The largest teachers' union, the National Education Association, is clearly against vouchers, as stated on their website:

NEA opposes school vouchers because they divert essential resources from public schools to private and religious schools, while offering no real "choice" for the overwhelming majority of students.

Teachers, parents, and the general public have long opposed private school tuition vouchers — especially when funds for vouchers compete with funds for overall improvements in America's public schools. NEA and its affiliates have been leaders in the fight to improve public schools— and oppose alternatives that divert attention, energy, and resources from efforts to reduce class size, enhance teacher quality, and provide every student with books, computers, and safe and orderly schools.[7][8]

Many groups oppose vouchers on the basis of the separation of church and state, the so-called Establishment clause of the First Amendment, since most of the private schools serving underprivileged children are parochial schools.
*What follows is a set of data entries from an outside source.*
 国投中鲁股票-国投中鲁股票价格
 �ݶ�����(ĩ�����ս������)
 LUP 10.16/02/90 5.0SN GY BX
The Supreme Court of the United States has held repeatedly, and most recently in the 2002, Zelman v Simmons-Harris decision, that this is not the case. That case upheld the constitutionality of the Ohio state voucher system, even though over 90% of the financial aid went to parents with students in religious--as opposed to non-sectarian private--schools. Chief Justice Rehnquist in writing for the majority emphasized that the program was neutral with respect to religion, and therefore was "not readily subject to challenge under the Establishment Clause." Those opposed claimed that the voucher provisions were "skewed toward benefitting religious schools" and "risked creating a form of religiously based conflict harmful to the Nation's social fabric."[9]

Some states have education articles in their constitutions that explicitly restrict all educational expenditures for public schools. As many as 37 states, for example, have so-called "Blaine amendments" in their constitutions which present a legal hurdle for supporters and a more robust legal case for those opposed to using state funds for poor children to attend religious schools. Blaine amendments prohibit the use of state funds at “sectarian” schools, and arose out of the anti-immigrant, anti-Catholic views of the second half of the 19th century.[10]